Alignment is what always causes some performance issues. when you write (2) or read (2) a file, it is best if you can set your reading limits to block alimony, because you make the kernel read in two blocks instead of one. In the worst case, just reading two bytes at the block boundary. Suppose you have a block size of 1024 bytes, this code:
char var[2]; int fd; fd = open("/etc/passwd", O_RDONLY); lseek(fd, 1023UL, SEEK_SET); read(fd, &var, sizeof var);
It forces the kernel to force two block reads (at most, since blocks can already be cached before) for only two read (2) bytes.
In the case of memory, all of this is usually managed by malloc (3) , and since you don't fail with page errors, you don't get any performance penalties (which is the reason you don't have any standard library function to get aligned memory , even in virtual systems with given requests), since you consume memory, the kernel allocates it on the pages for you. The processor’s virtual memory system makes page alignment almost transparent. Only if you have unplaced memory access (suppose you are accessing a 32-bit integer invalid invalid --- two pages, and these two pages have been replaced by the kernel, you will have to wait for the kernel to replace with two pages of memory instead of one - but this is an incredible thing that arises, the compiler usually forces the internal loops not to interrupt between the borders of the page to minimize the likelihood of this, and you also have a command cache to handle these things)
It is said that there are some places where you get performance improvements if you align the memory somewhat. I will try to show you a scenario of this:
Suppose you need to dynamically manage many small structures (suppose 16 bytes), and you plan to manage them with malloc () . malloc (3) manages the memory, including the header in each allocated memory location (let this header be 8 bytes long), which is an overhead of 50% more than ideal. If you plan to get memory in pieces (let us say) of 64 structures, you will get only one of these headers (8 bytes) for each byte 64*16 = 1024 (only about 8%)

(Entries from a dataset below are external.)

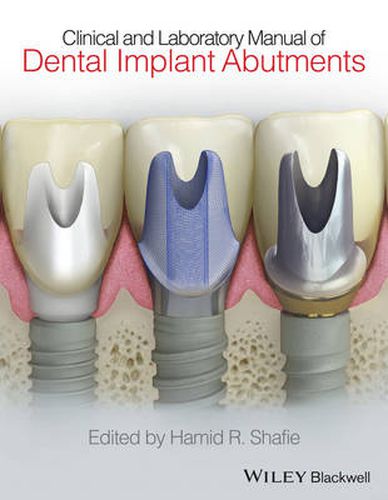 Cover image for Clinical and Laboratory Manual of Dental Implant Abutments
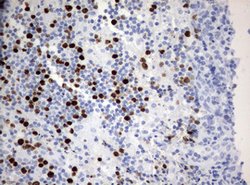 Ki67 Monoclonal Antibody (OTI14G1), TrueMAB , OriGene 100 &mu;L; Unconjugated:Antibodies,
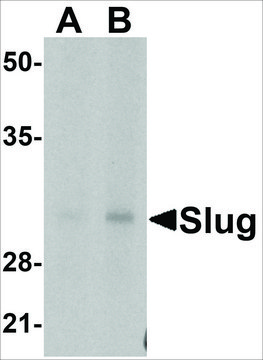 Anti-Slug (ab1) antibody produced in rabbit affinity isolated antibody, buffered aqueous solution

To deal with this, you should think about knowing which fragment all of these structures belong to (so you can free (3) a piece when not in use), and you can do this in two ways: 1.- Using a pointer (adding 4 bytes to each structure size is pointless since you add 4 bytes to each structure, losing 25% of memory again) to point to chunck, or 2.- * causing chunck to be aligned, so the chunk address can be easy to calculate from the structure address (you only need to subtract the rest of m mod chunksize modulation address) to get the chunk address. This last method does not impose any overhead on the search for the fragment, but imposes in practice all the pieces line alignment (does not align on the page).
Thus, you increase performance too much, since you significantly reduce the number of malloc (3) calls and lose the memory imposed by allocating small amounts of memory.
By the way, malloc does not request the operating system for the memory that you request on every call. It allocates memory in chunks, similar to the way it was described here, and ordinary implementations do not even manage to return the allocated memory to the system again (reusing freed memory before allocating a new one). It manages sbrk (2) calls, which means that you are going to intervene in malloc if you use this system call.
Linux / unix will provide you with aligned pages using the shmat (2) system call. Try reading this and related documents.